A Moody's report, out on Friday, said that proving effective action when it comes to adaptation plans will be a crucial differentiating factor when it comes to obtaining credit - with such an indicator of credit risk being especially important for those whose exposure to physical climate risk is most material.
Citing a Climate Policy Initiative report, published in December, Moody's noted that only a quarter of the annual spending on adaptation projects needed to reduce the associated risks globally is currently being met. And adaptation needs are large - having been estimated by the IMF to amount to 0.25 per cent of gross domestic product (GDP) per year in 2030 at a global level, and at around 1 to 2 per cent for some emerging markets, and in excess of 10 per cent for some small island economies.
"Given the financial constraints faced by the sovereigns and regional and local governments (RLGs) most vulnerable to physical climate risk, strong governance - which increases the likelihood that adaptation investment effectively reduces risks and fosters access to funding - will be a key differentiating factor of governments' climate resilience," Moody's report said.
Its own engagement with sovereigns and RLGs, it said, suggests that while most have formed an assessment of the risks and defined their vulnerabilities to climate change, many of their plans lack detail when it comes to implementation and prioritisation.
For example, according to the United Nations Environment Programme (UNEP), only 26 per cent of sovereigns have monitoring and evaluation systems in place, though a further 36 per cent are in the process of developing a system.

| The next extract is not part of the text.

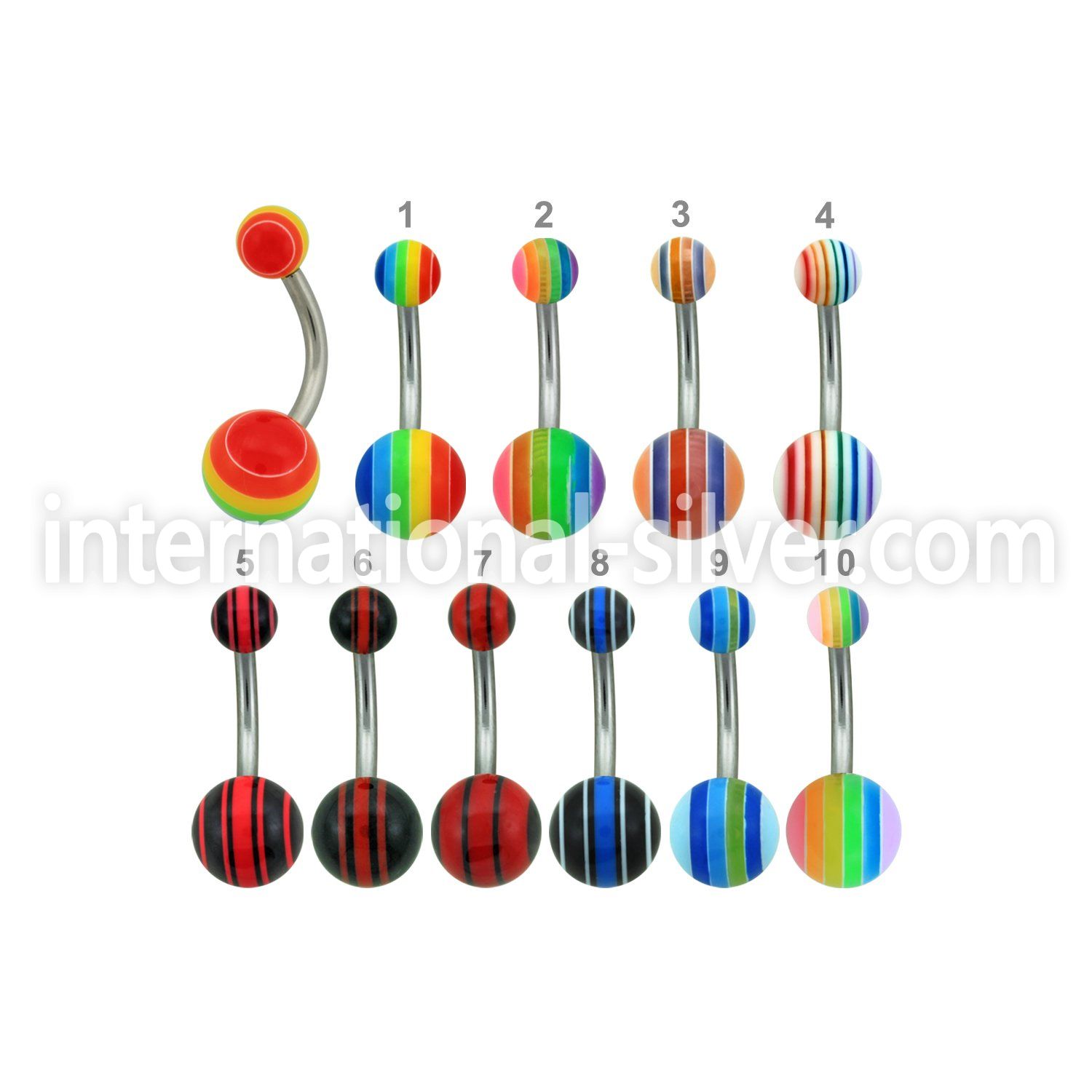 bnbd 316l steel belly banana with 5 8mm acrylic bead ball
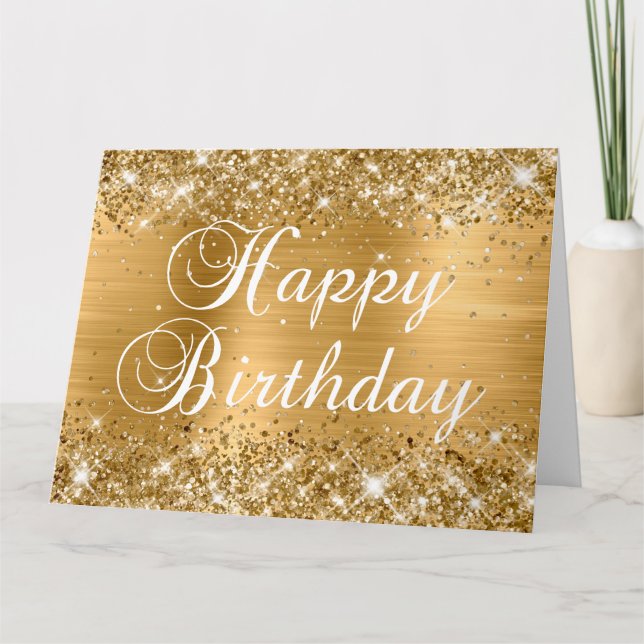 Glittery Gold Foil Happy Birthday from Group Card (Front)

Only 8 per cent, however, have evaluated their National Adaptation Plans, or national-level planning instruments, based on, for example, additional qualitative and quantitative information about progress made and feedback from stakeholders; this is even less developed for RLGs and their climate adaptation plans or strategies.
This has left potential financiers of such plans uncertain about their likely effectiveness - contributing to the low level of global climate finance directed towards adaptation, which was at around 10 per cent in 2019-2020.
In addition, difficulties in pricing net financial and economic gains from adaptation, and broader credit risk, are expected to weigh on the private investment that will be crucial to emerging markets.
"We expect advanced economies will accelerate their adaptation planning and start to increase investment financed from either the public purse or debt markets over the coming years. By contrast, weak government balance sheets and competing policy priorities will weigh on public spending on adaptation initiatives in lower-income jurisdictions, who are also most at risk from extreme climate events and climate-related long-term trends such as rising sea levels," Moody's said.
Private finance is therefore vital for these economies; but funding is likely to be limited due to the broader credit risk present in these economies - such as weaker policy frameworks and limited organisational capacity to undertake detailed adaptation planning - and the difficulties in estimating the potential gains and the avoidable losses from climate adaptation investment.